Traders should monitor CENTCOM statements, US presidential directives, and any deterioration in Iran–US diplomatic talks, as these are the primary catalysts for a renewed blockade announcement. Recent reporting from AP News confirms that US forces have previously enforced a partial blockade targeting vessels entering or leaving Iranian ports, with humanitarian shipments allowed only after inspection [1]. On Smarkets, lower fees and broader access may attract more retail traders betting on escalation, while Kalshi’s regulatory framework could limit exposure to similar high-risk geopolitical bets. The ambiguity around what constitutes an “Iran-linked” vessel remains a key variable, as CENTCOM has clarified that not all such vessels are interdicted unless they carry sanctioned cargo [3].
The settlement window ending in December 2026 allows ample time for diplomatic shifts or military escalations to trigger a new announcement. Platforms diverge significantly here: Polymarket’s global reach and minimal KYC enable faster reaction to breaking news, whereas Betfair’s European base may face slower settlement due to regulatory oversight. The current probability suggests markets believe a second blockade is unlikely but plausible, especially if ceasefire talks fail again. Traders must weigh the precedent of the April blockade against the June lifting, noting that CENTCOM’s enforcement has been selective yet effective in disrupting high-value oil exports [3].
Methodology
We read US announces blockade on Iran by 2026? from four platform perspectives: Polymarket (on-chain CLOB), Kalshi (CFTC-regulated exchange), Betfair Exchange (sports book exchange), Smarkets (peer-to-peer betting exchange). Polymarket's live mid is the canonical probability; the side-by-side columns benchmark fees, KYC, settlement currency and deposit rails so you can choose the venue that fits your jurisdiction and trade size.
Resolution & payout
Settlement is the biggest difference between the four platforms: Polymarket on-chain in USDC (instant), Kalshi USD via CFTC (T+1), Betfair and Smarkets in local currency via bank withdrawal (T+1 to T+3). On-chain settlement clears in minutes — the fastest payout path of the four.
FAQ
- Polymarket vs Kalshi — which is better?

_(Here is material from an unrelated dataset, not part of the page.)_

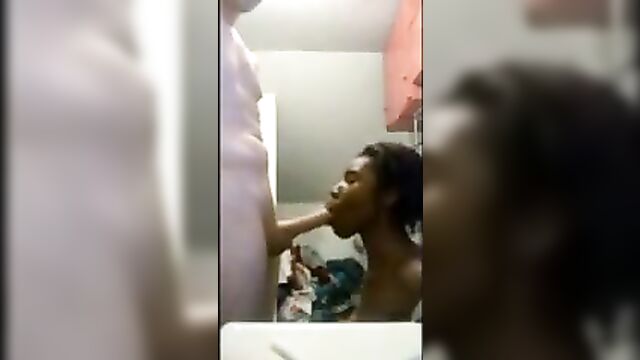 Ratchet Swirl Couple Fucking In Dirty Ass Room.. SMH..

- Depends on your location. Kalshi is CFTC-regulated, US-only with full KYC. Polymarket is global, on-chain, no KYC up to $1,500. Polymarket has ~10x higher liquidity but higher regulatory risk.
- What does Polymarket cost vs Kalshi?
- Polymarket: 0% fees, only Polygon network costs (~$0.01/trade). Kalshi: up to 7% per trade plus spread. For high-frequency traders, Polymarket is dramatically cheaper.
- Which platform has the deepest liquidity?
- Polymarket — by a wide margin. Top markets reach $50-500M volume, Kalshi ~$200M cumulative, Betfair similar. Deeper liquidity means your trade moves the quote less.
- What about Smarkets as an alternative?
- Smarkets is a UK betting exchange with a lower default commission (2%) than Betfair. Liquidity on political markets is below Polymarket, comparable to Kalshi. Geo-blocked in many jurisdictions.
- Are all these platforms regulated?
- No. Kalshi is CFTC-regulated (US). Betfair and Smarkets are UK Gambling Commission licensed. Polymarket operates without explicit regulation — a different risk profile than a regulated sportsbook.